デザイナーベビー報道に憶う

デザイナーベビー(designer baby)とは、もともとは受精卵の段階で遺伝子操作を行うことによって、親が望む外見や体力・知力などを持たせた子供の総称です。しかし、子どもが特定の性質を持つように事前に遺伝子を設計することは、技術的にも論理的にも強く問題視されています。

クローン人間とは異なり、デザイナーベビーを産み出すためにクローン技術は必ずしも必要ではありません。

現在、医学的に目的とする遺伝子を持った子どもを新たに生むことは可能となっています。白血病などの難病をもった子どもの治療のために、白血球の型が一致する受精卵を選択する目的で着床前診断が行われています。世界においては、これまで数例の実施例が既に報道されています。
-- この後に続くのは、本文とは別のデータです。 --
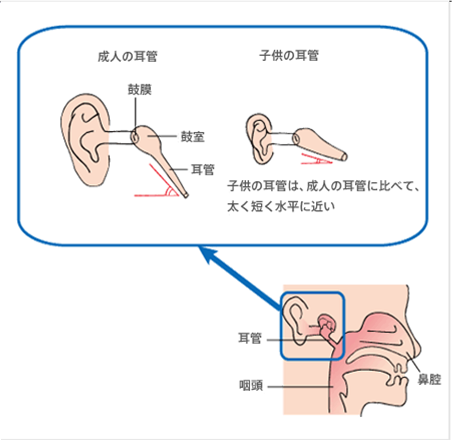 中耳炎 耳 オファー カバー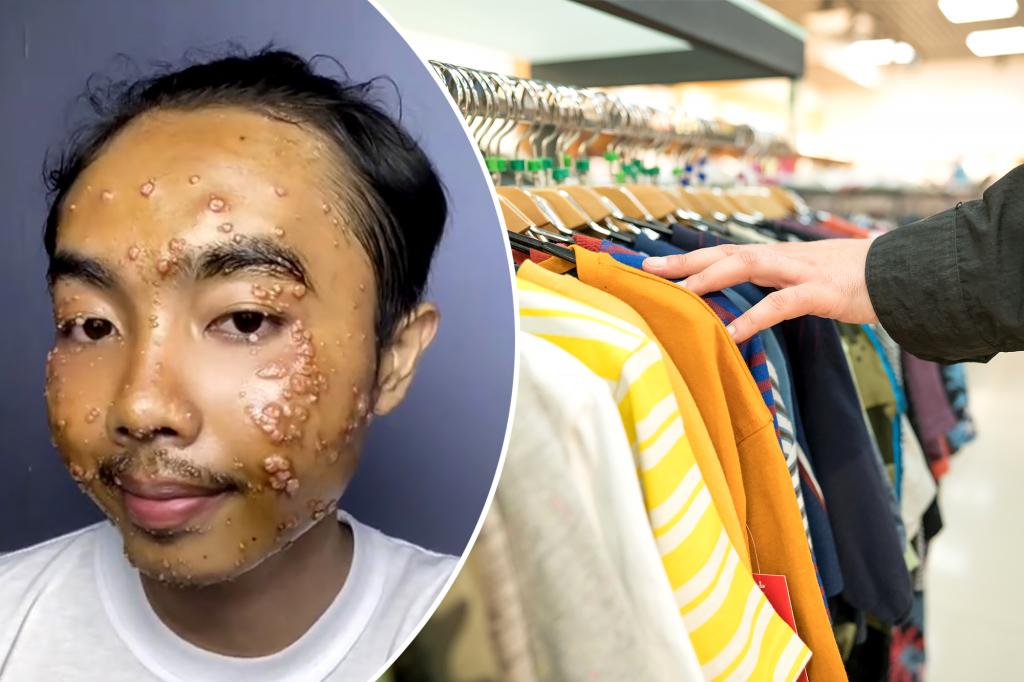 Man got skin condition from thrifted clothes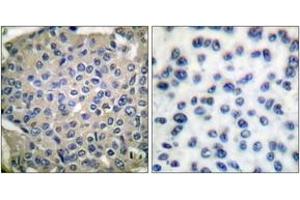 Immunohistochemistry analysis of paraffin-embedded human breast carcinoma, using Cortactin (Phospho-Tyr466) Antibody. (Cortactin anticorps  (pTyr466))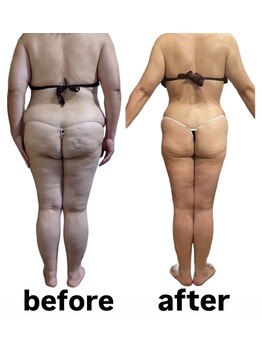 ウィズルーチェ つくばみどりの店(with luce)/衝撃のbefore/after 50代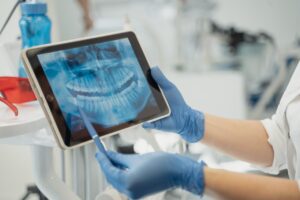 Dentist reviewing digital dental X-ray on tablet during patient consultation using advanced diagnostic technology.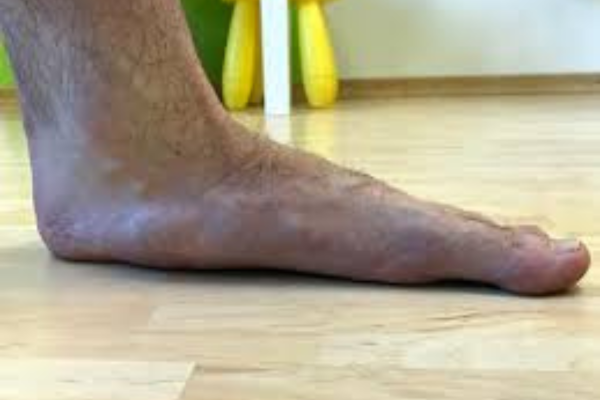 Do Insoles work for flat feet?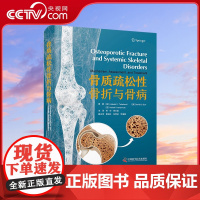 [央视网]骨质疏松性骨折与骨病 由全球著名的骨骼基础研究学者和不同学科的临床专家共同编著 涵盖了骨折后治疗的各个方面ZK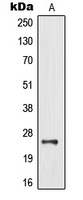 MOB3B Rabbit Polyclonal Antibody
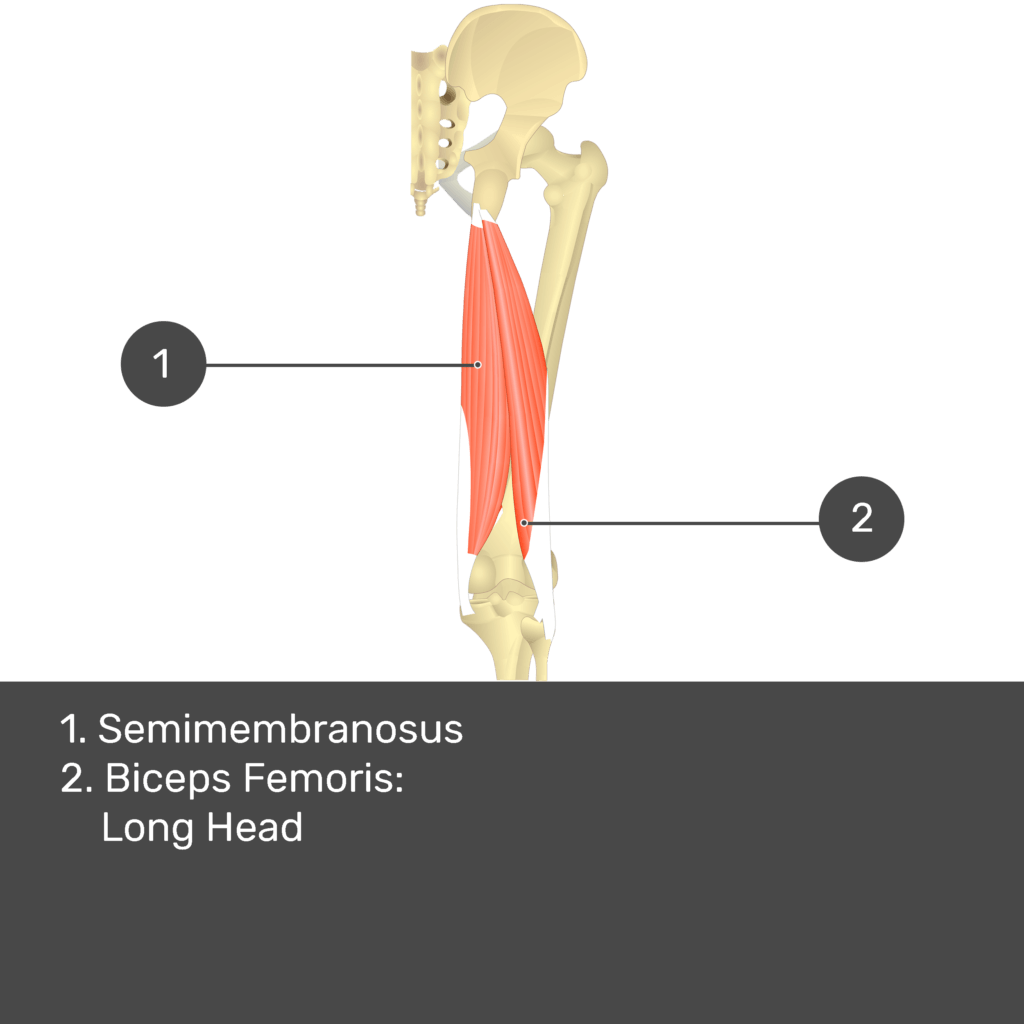 Test yourself image 13, posterior view of thigh and gluteal region. Muscles and structures labelled- semimembranosus, biceps femoris: long head.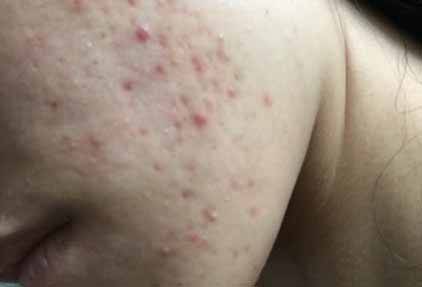 /冬季吃火鍋長痘怎么辦 祛痘小妙招讓你祛痘無憂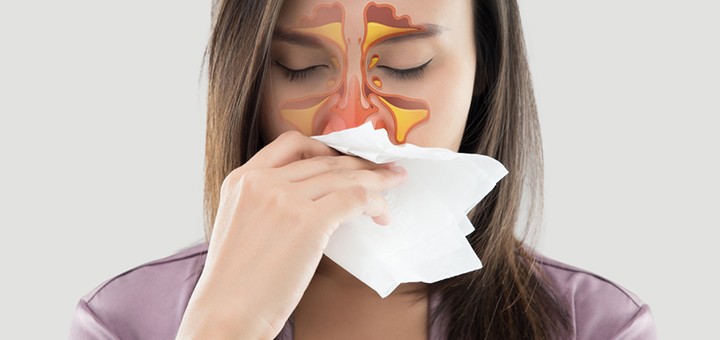 sintomas rinitis alergica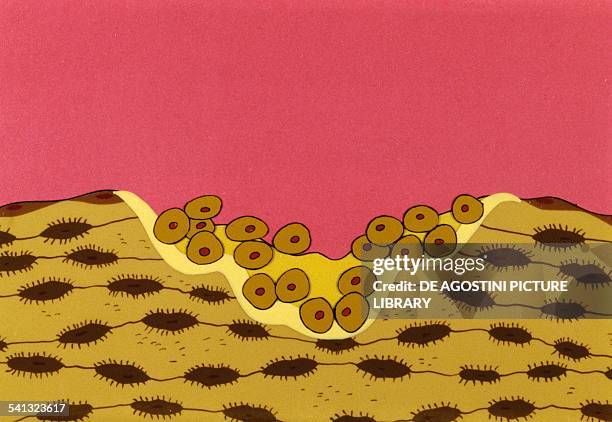 Osseous tissue, tissue reconstruction by osteoblasts, drawing. Step 1 of 2.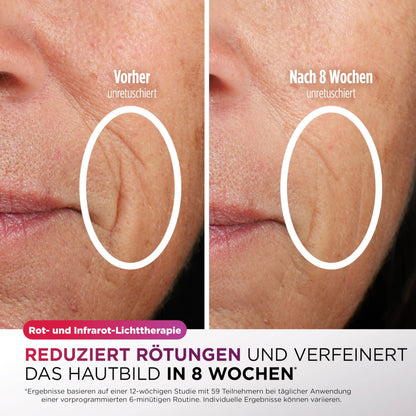 Shark CryoGlow LED Gesichtsmaske mit Augen-Kühlung Anti-Aging Akne Lichttherapie Rot Blau Infrarot USB-C FW312EUPL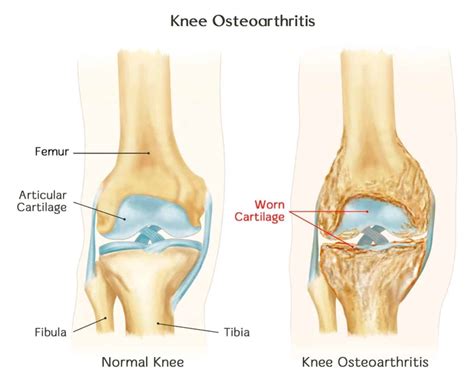 knee osteoarthritis mississauga  oakville chiropractor  physiotherapy clinic  consult
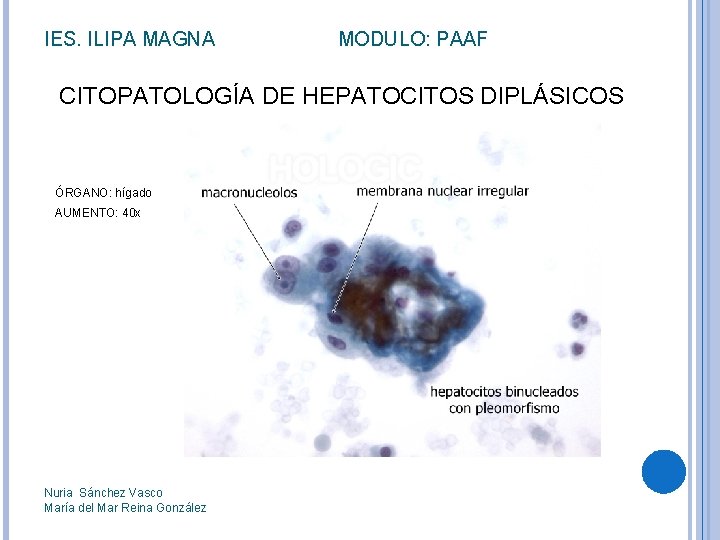 IES. ILIPA MAGNA MODULO: PAAF CITOPATOLOGÍA DE HEPATOCITOS DIPLÁSICOS ÓRGANO: hígado AUMENTO: 40 x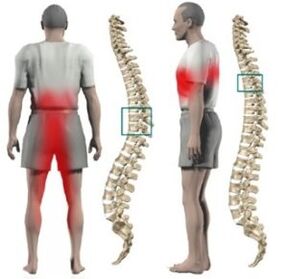 Bulge in the spine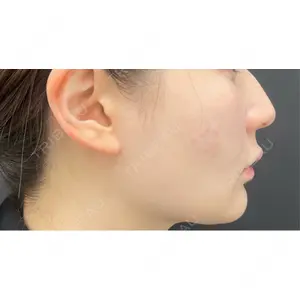 BLINC CLINIC （ブリンク クリニック）口コミ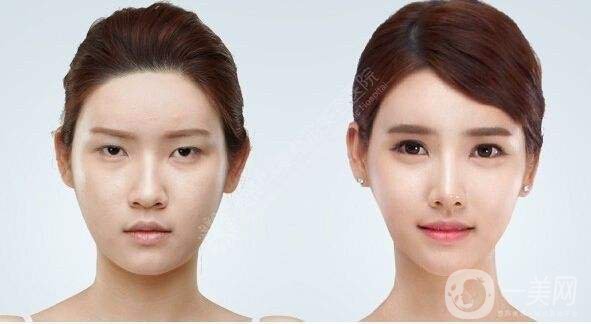 玻尿酸隆鼻價位 玻尿酸隆鼻注意事項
今回の報道におけるデザイナーベビーは、親が望む遺伝子を持つ赤ちゃんを作るための遺伝子解析技術が考案され、その技術で受精卵診断を行うというものです。その特許が米国で認められたとの報道です。身長や知能のみならず、既知の病気の原因遺伝子を持たない“パーフェクトベビー”を求める親の願望を叶えることが可能となります。検査がビジネスとして歯止めなく広がることは、生命の商品化や生命操作にもつながりかねず、倫理的な問題点はあまりに大きいと考えられます。